St. Pauli findet nicht ins Spiel
Im sonst so lautstarken und farbenfrohen Millerntor-Stadion hing nur ein Transparent der St. Pauli-Fans mit der Aufschrift "Fussball lebt durch seine Fans - Reformen jetzt". Ansonsten verstand man bei gespenstischer Atmosphäre jedes Kommando, auf dem Platz und von der Seitenlinie. "Wir mussten uns erst mal an die Situation gewöhnen. Für jeden, der dabei war, war das eine neue Atmosphäre", sagte Kapitän Daniel Buballa.
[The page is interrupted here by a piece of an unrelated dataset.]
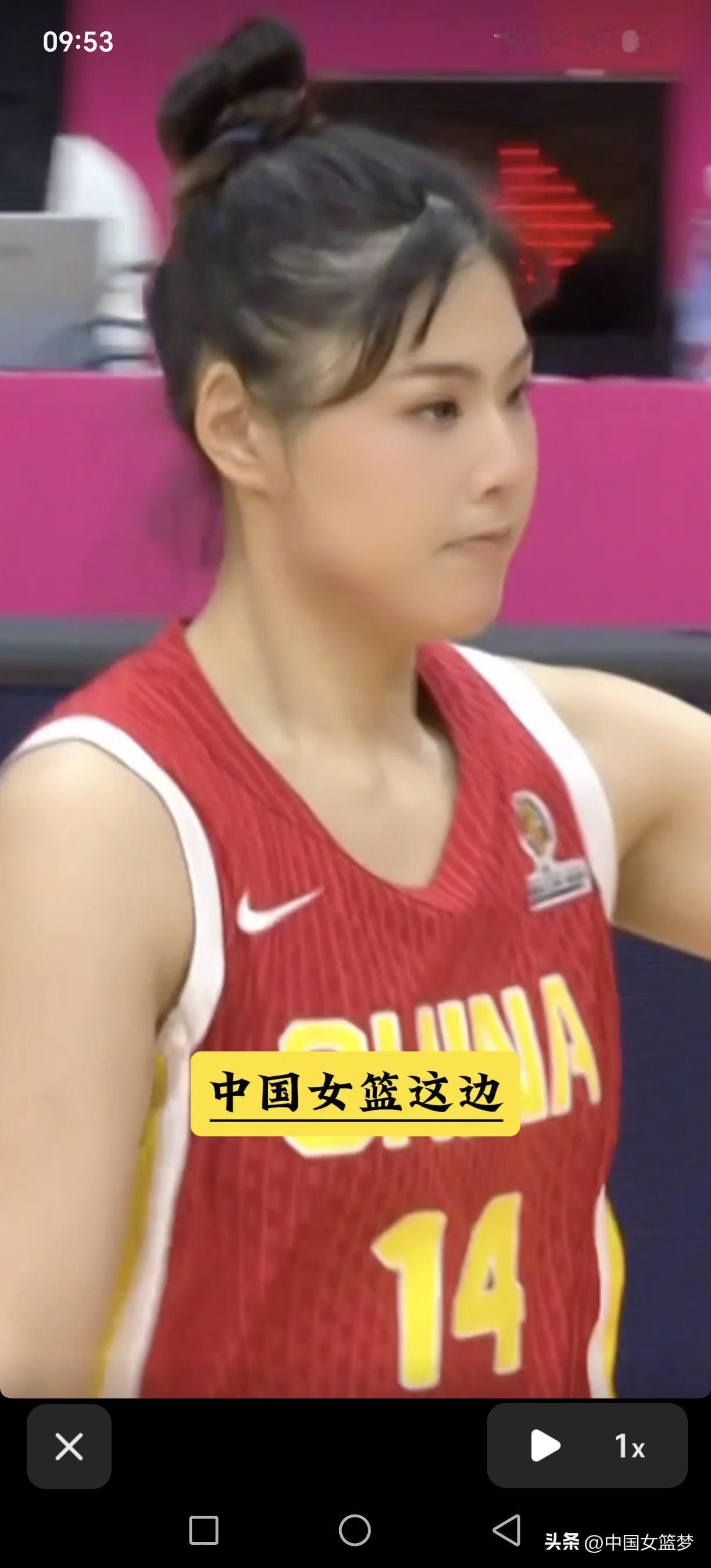 中国女篮大中锋小宝李月汝登场！中国女篮这边在进攻，赛场上的每一次突破，都是青春最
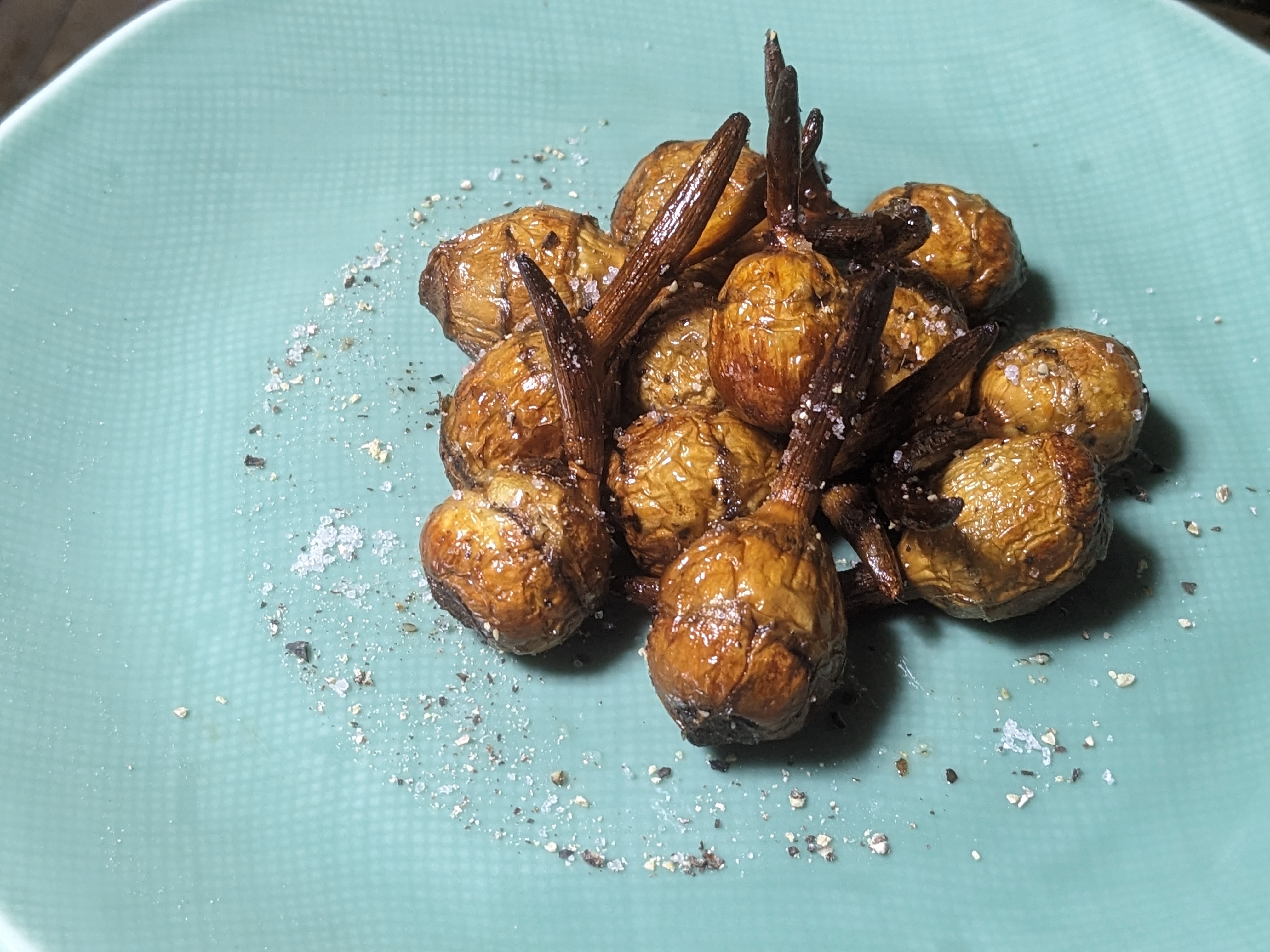 くわいの素揚げ×塩コショウ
Die Gäste kamen mit der ungewohnten Situation besser zurecht, Nikola Dovedan hatte nach 58 Sekunden die Führung auf dem Fuß. Die erste und einzige gefährliche Aktion der Hamburger im ersten Durchgang ließ 19 Minuten auf sich warten - hatte es aber doppelt in sich: Erst scheiterte Waldemar Sobota aus sechs Metern an FCN-Keeper Christian Mathenia, der auch den Nachschuss von Rico Benatelli wegfischte.
Danach gab Nürnberg wieder den Ton an: Hanno Behrens flankte auf Sturmspitze Adam Zrelak, der aus vier Metern über das Tor köpfte (24.). Anschließend scheiterten Tim Handwerker (27.) und Johannes Geis (36.) mit direkten Freistößen am glänzend reagierenden Robin Himmelmann. Luhukay reagierte noch vor der Halbzeit auf die Dominanz der Gäste: Finn Ole Becker kam für den unauffälligen Dimitrios Diamantakos. Der kurzfristige Effekt blieb aus. Stattdessen hätte Dovedan in der 42. Minute die Club-Führung erzielen müssen, jagte den Ball aber über das von Himmelmann verlassene Tor. Mit dem schmeichelhaften 0:0 aus Sicht der Kiezkicker ging es mundbeschützt in die Kabinen.
"Lucky Punch" durch Gyökeres
Ein Steilpass von Sobota auf Henk Veerman änderte den Spielverlauf. Der Holländer lief frei auf Mathenia zu, legte den Ball an ihm vorbei und wurde vom Schlussmann der Gäste mit gestrecktem Bein vor dem Strafraum zu Fall gebracht.
Schiedsrichter Daniel Siebert zog den Videobeweis zu Rate und stellte Mathenia anschließend mit Rot vom Platz (55.), Geis musste Ersatztorhüter Felix Dornebusch weichen. Den fälligen Freistoß schoss Marvin Knoll in die Arme des gerade eingewechselten Keepers.
Die Franken zogen sich zurück und überließen den Gastgebern die Partie. Die Braun-Weißen offenbarten Defizite im Offensivspiel, ließen Passpräzision und Durchschlagskraft lange vermissen. In der 68. Minute hatte der aufgerückte Verteidiger Sebastian Ohlsson die Großchance zur Führung. Eine Kopfballvorlage des eingewechselten Gyökeres beförderte der Schwede per Seitfallzieher über das Tor.
Nach dem Abpfiff nach Hause
Der Vorlagengeber wurde in der 84. Minute dann selbst zum Matchwinner: Sobota bediente den Stürmer, der sich an der Strafraumgrenze im Duell mit Georg Margreitter durchsetzte, nach innen zog und flach ins rechte Toreck schoss. Damit besiegelte er den ersten Geisterspiel-Sieg in der 110-jährigen Vereinsgeschichte des FC St. Pauli. Nach einer Woche in Hotel-Quarantäne durften die Profis nach dem Abpfiff wieder nach Hause. Für Montag und Dienstag gab ihnen der Trainer frei.